Buildings decline in value because of ‘tear and wear’ like any other commodities. The decline in value, also known as property ‘Depreciation’, is regarded as loss in your investment cash flow, and will come back to investors’ pocket through Australian taxation mechanism.
Depreciation is a significant component of tax return associated with income producing properties ruled by Australian Taxation Office. Our primary goal is to maximize the return from your investment property within boundary of relevant legislations.
Property depreciation is not once-off deduction from your taxable income. It is ongoing deduction occurs every year in 40 or 25 years from completion of building works depending on different construction time.
All income producing properties attract depreciation. In the following scenarios you may benefit from depreciation of investment properties:
We will estimate construction cost of the building and assess all relevant plant and equipment in line with ATO requirements. New buildings attract huge depreciation in first ten years, which may turn your cash flow into positive gearing.
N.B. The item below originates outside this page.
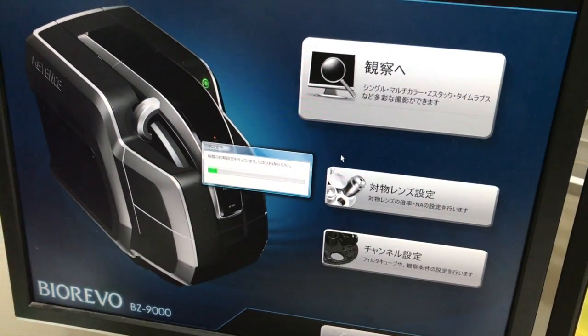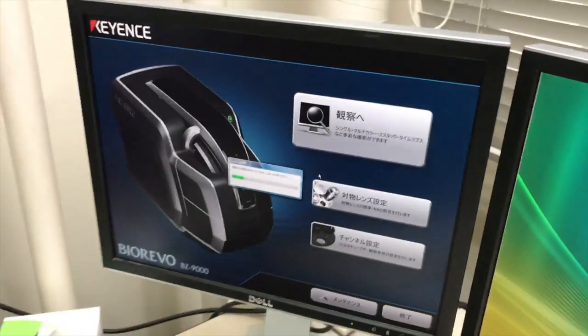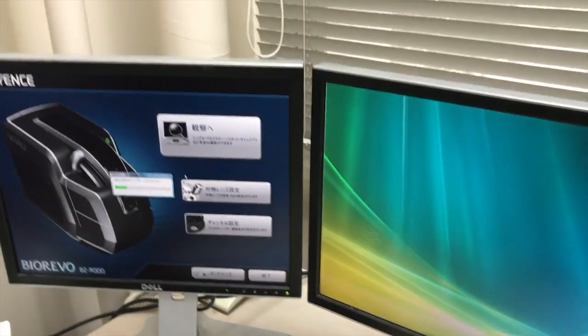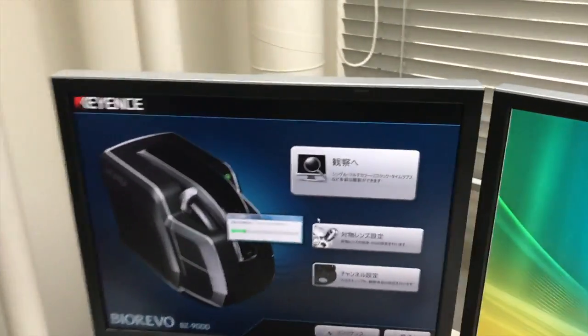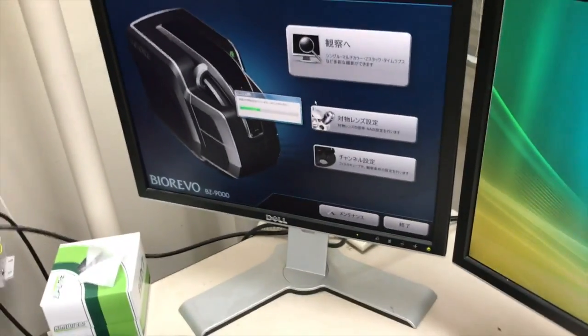The software is all in Japanese only. It's all available. So we cannot change the language here? No, no, no.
We use our historical data and costing system to provide construction cost for existing buildings under original market, and assess opening value of plant and equipment based on current market condition and purchase price. Many older buildings still attract generous depreciation.
Renovation or extension
Any renovation or extension can be claimed as deduction, even it is conducted by previous owner. We also provide pre-renovation inspection to determine ‘write off’ residual value before existing assets to be removed.
A tax depreciation estimate indicates potential buyer the depreciation range of a particular property, which may help the buyer forecast cash flow of the investment.
Eligibility to claim Tax Depreciation
Legal owner or joint legal owners of an investment property can claim depreciation. Each person in joint legal ownership can claim deduction based on their share in the asset – for example, based on share of the cost of the asset, and according to their use of the asset.
Tax Depreciation to be prepared by a Quantity Surveyor
A tax depreciation schedule shall be prepared by a qualified Quantity Surveyor as per ATO tax ruling 97/25 for appropriate estimate of the construction costs, where those costs are unknown.